Article Preview
Top1. Introduction
This paper discusses our work on automatically verbalizing conceptual data models expressed in the graphical notation of Object-Role Modeling (ORM) into readable text expressed in two Asian languages: Bahasa Melayu (Malay) which has official status as a language in Malaysia, Brunei, Indonesia, and Singapore; and Mandarin (the most widely used Chinese language).
In developing information systems, the most critical aspect is to specify a conceptual model that correctly and completely captures the relevant semantics of the business domain of interest. This model can then be used to drive the later phases of the information systems engineering process. Industrial practice has shown that the most reliable way to validate the model with business domain experts is to communicate the model clearly in their native language.
Object-Role Modeling (Halpin, 2010, 2011, 2012, 2015, 2016; Halpin & Morgan, 2008) is an approach for conceptual data modeling specifically designed to optimize communication between data modelers and business users. Its graphical notation can capture many kinds of constraints that are not expressible in industrial versions of Entity Relationship (ER) models (Chen, 1976) or in class diagrams in the Unified Modeling Language (UML) notation (Object Management Group, 2013), and its fact-based models are semantically more stable than attribute-based models such as those of ER or UML which require radical restructuring if a fact needs to be added about some feature modeled as an attribute (Halpin, 2011, 2015).
While ORM’s rich graphical notation is useful for modelers to visualize fine details of their data models, these data models should be validated with domain experts who best understand the business requirements, even though they may be unfamiliar with the graphical notation.
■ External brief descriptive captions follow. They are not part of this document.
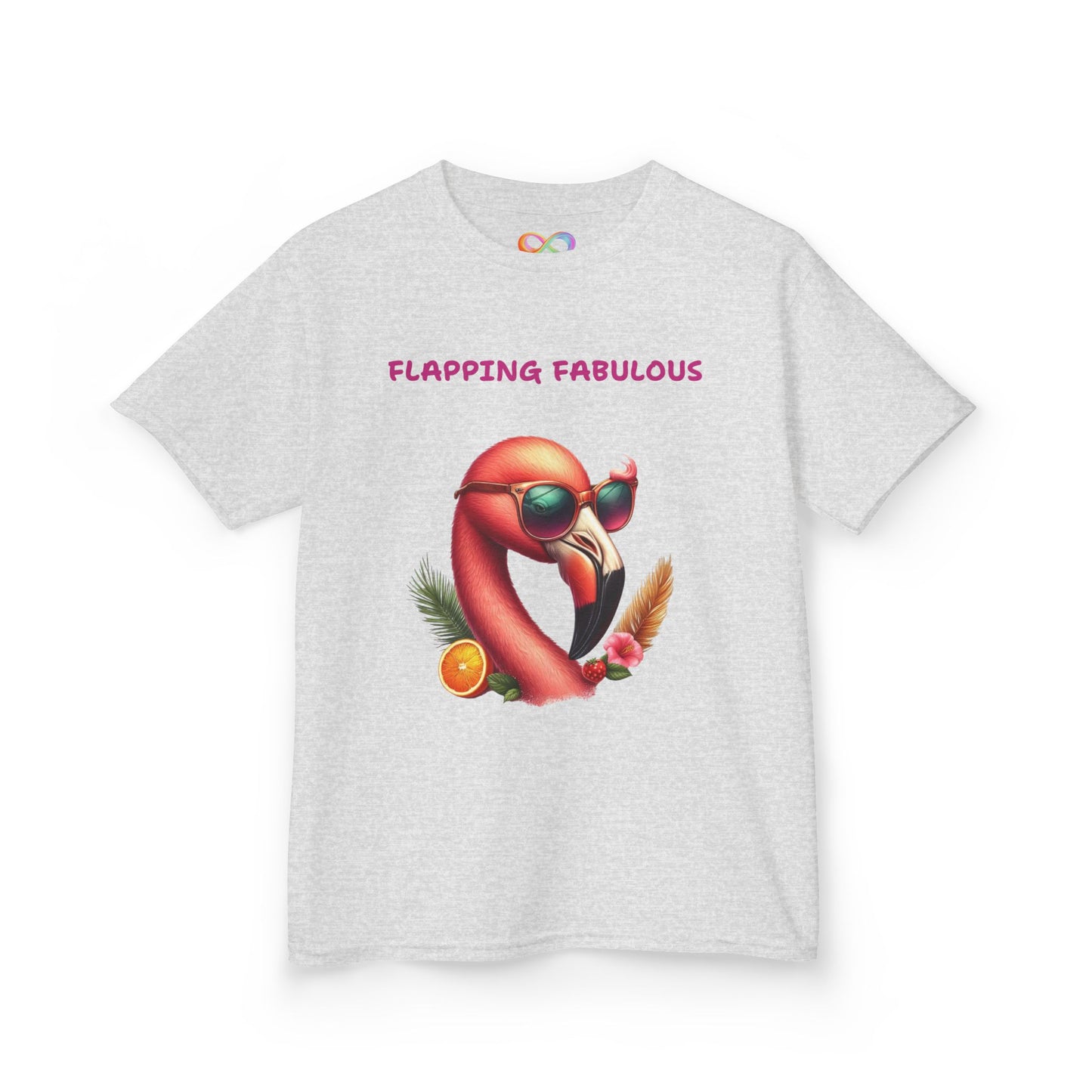 Stimming Kids Tee – Colourful Cotton T-Shirt for Neurodivergent Joy
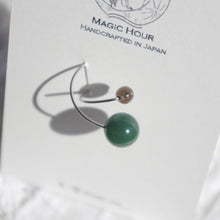 画像をギャラリービューアに読み込む, 天然石イヤーカフPlanet - Deep Sea|Magic Hour(マジックアワー)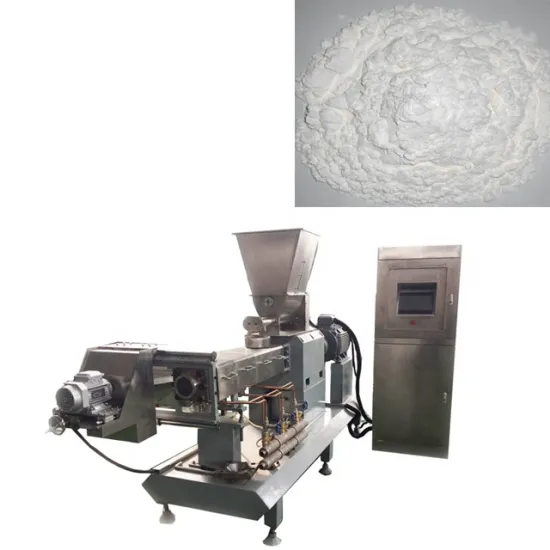Automatic Cassava Corn Modified Starch Making Machines: Extruder and Pregelatinized Starch Production Line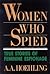 Women Who Spied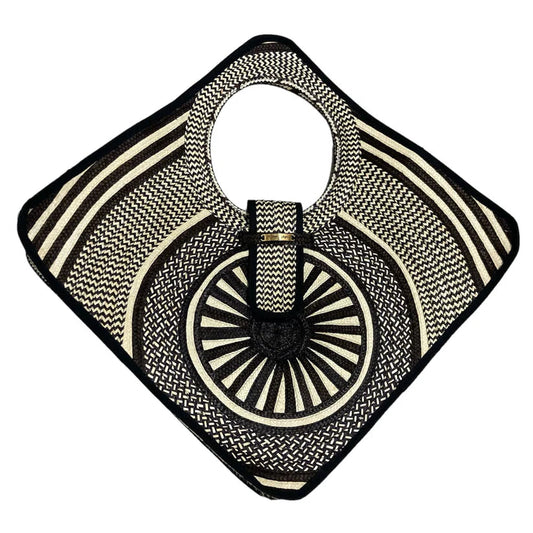 Liliana Salazar Handmade Cana Flecha Diamond Purse
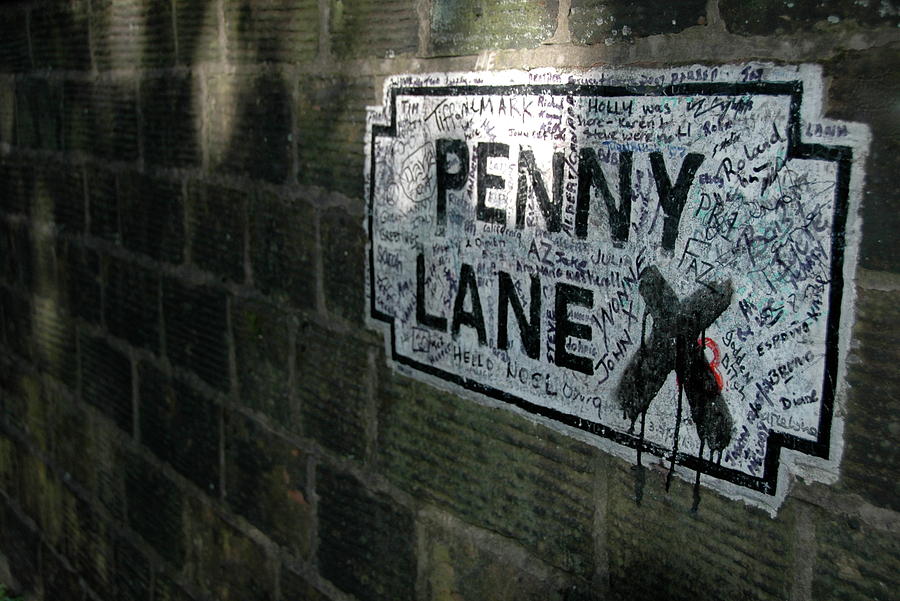 Penny Lane Photograph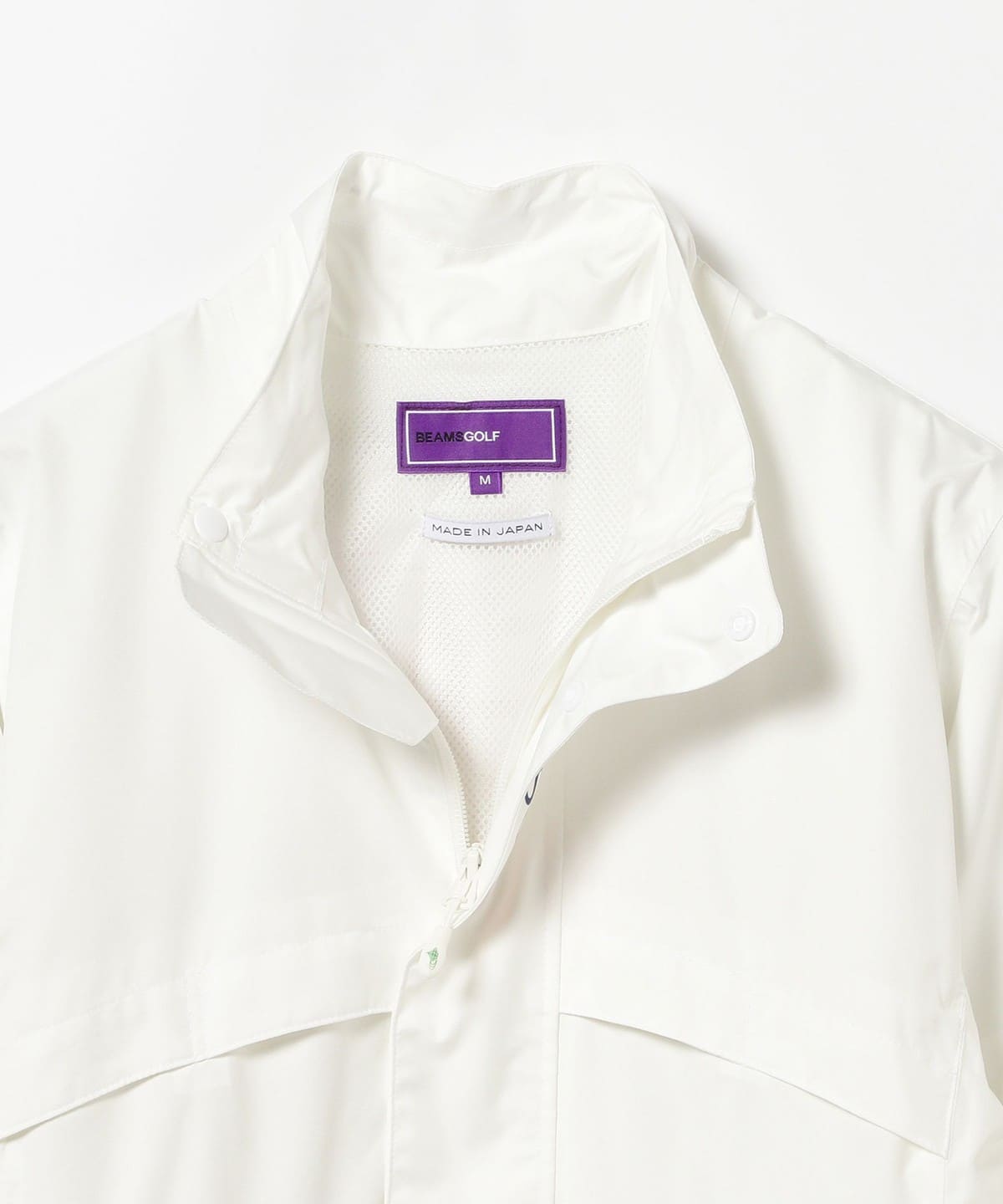 BEAMSGOLF - BEAMS GOLF PURPLE LABEL ロゴ ジャケット　トレーナーM BEAMS GOLF（ビームス ゴルフ）PURPLE LABEL / 撥水ストレッチ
Hence, the data models themselves are best validated by verbalizing the models in a controlled natural language (CNL), an unambiguous subset of natural language with restricted grammar and vocabulary, and by populating the relevant fact types with concrete examples.
This process of validation by verbalization and population is central to all fact-oriented modeling approaches, including ORM, Cognition enhanced Natural Information Analysis Method (CogNIAM) (Nilsson & Lemmings, 2008), and Fully Communication Oriented Information Modeling (FCO-IM) (Bakema, Zwart & van der Leek, 2000), which use fact types as their sole data structure.
While some fact-based modeling tools provide automated verbalization in English, comparatively little support exists for verbalizing fact-based models in other languages, especially Asian languages. This paper describes our work on verbalizing ORM models in Malay and Mandarin. We specify some typical transformation patterns, discuss features of these languages requiring special treatment in order to render natural verbalization (e.g. noun classifiers, repositioning of modal operators, and different uses for terms equivalent to “who” and “that” in English), and describe our current implementation efforts, which involved creating both a prototype and an extension to the NORMA (Natural ORM Architect) tool (Curland & Halpin, 2010) to allow ORM models to be entered and verbalized in these two Asian languages.
The rest of this paper is structured as follows. Section 2 briefly overviews related work on high level textual languages for data modeling, both within and outside the fact-oriented community. Section 3 discuses verbalization of fact types as well as our overall strategy for dealing with noun classifiers. Section 4 provides details on how various logical constructs and ORM constraint patterns are mapped to Malay and Mandarin. Section 5 illustrates our prototype implementation for entering and verbalizing ORM models in Malay and Mandarin. Section 6 summarizes the main contributions and outlines future research directions.